Servo hydraulic fatigue testing machines - these can be configured for industrial bespoke research requirements and all use the latest 8600 Instron controllers:

  • 1 x 2.5 MN (dynamic capacity) - four post high-stiffness Instron test machines with various gripping arrangements;
  • 1 x 1MN – arranged horizontally or vertically;
  • 1 x 500kN – a versatile general purpose test machine with top mounted actuator and load cell;
  • 2 x 100kN – used for testing small standard samples (e.g. compact tension test specimens).

Various jacks: for building test rigs.

Charpy impact test machine: with 300J capacity for quick, inexpensive testing of material notch toughness.

Corrosion testing: we can simulate sea conditions, e.g. temperature and salt content, to test for corrosion and crack propagation.

Environmental chamber: this is used to test the effects of specified environmental conditions on materials, specifically fracture toughness. Operating temperatures range from -70°C to +400ºC.

Hopkinson Bar facility: the tri-function Hopkinson Bar is able to test material specimens in compression, tension, torsion and combined loadings. It achieves strain rates of up to 5000/sec in tension and 10000/sec in compression. The bar can be configured as a direct impact bar for measuring low impedance foams and similar materials.

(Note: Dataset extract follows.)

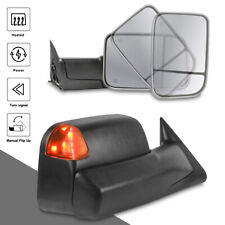 Tow Mirrors Power Heated Led Signal Lights For 98-02 Dodge Ram 1500 2500 3500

The bar is supported with finite element (FE) modelling to develop novel specimen grips, pulse modifiers and to assist the development of FE material models.

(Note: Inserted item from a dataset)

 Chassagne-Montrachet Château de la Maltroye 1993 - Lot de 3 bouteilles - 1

Pipeline repair rig: the pipeline is used to study structural health monitoring purposes and to research crack propagation, initiation, inspection and repairs.

Non-destructive testing (NDT) - the methods used are:

  • Acoustic emission (AE) - utilises the sound waves produced when a material undergoes stress (internal change), as a result of an external force;
  • Alternating current potential drop (ACPD) - an electrical potential method used for sizing cracks in electrically conducting materials;
  • Alternating current field measurement (ACFM) - an electromagnetic technique for detection and measurement of surface breaking cracks;
  • Magnetic particle inspection (MPI) - a process for detecting surface cracks in metal;
  • Direct current potential drop (DCPD) - used to determine electrical conductivity and resistivity due to materials with cracks;
  • Strain gauging - used to measure applied or residual stress (through centre hole drilling).
Structural Integrity Lab
Structural Integrity Laboratory staff

Summary of applications

Cranfield has worked with a number of industrial partners to test and research structural integrity such as Centrica, Petronas, RWE, E.ON, EDF and Dong Energy, among others.

Some of our areas of expertise and research include:

  • Fatigue and fracture mechanics analysis – methods of assessment to test fitness-for-purpose, damage tolerance and evaluation of repair strategies;
  • Structural reliability analysis – providing design optimisation by systematic quantification of uncertainties and calibrating design standards;
  • Design of structures and components – design, analysis and performance assessment of structures and structural details; testing and characterisation of new materials; engineering for installation, manufacturing and large-scale production;
  • Composite materials – determine the properties of new materials to optimise design and manufacturing;
  • Corrosion analysis – with a focus on modern materials such as very thick plates where combined effect of fatigue and corrosion assessment is required;
  • Requalification of structures – extending the service life of installations by improving structural integrity.

Take a virtual 360° tour of our Structural Integrity Laboratory below.

Using the facility

The Structural Integrity Laboratory has been used to test and research structures and components, in the following sectors:

  • Offshore oil and gas structures;
  • Offshore wind structures;
  • Marine renewable energy structures;
  • Pipelines (oil and gas, and carbon capture and storage);
  • Aerospace;
  • Automotive;
  • All large scale industrial testing.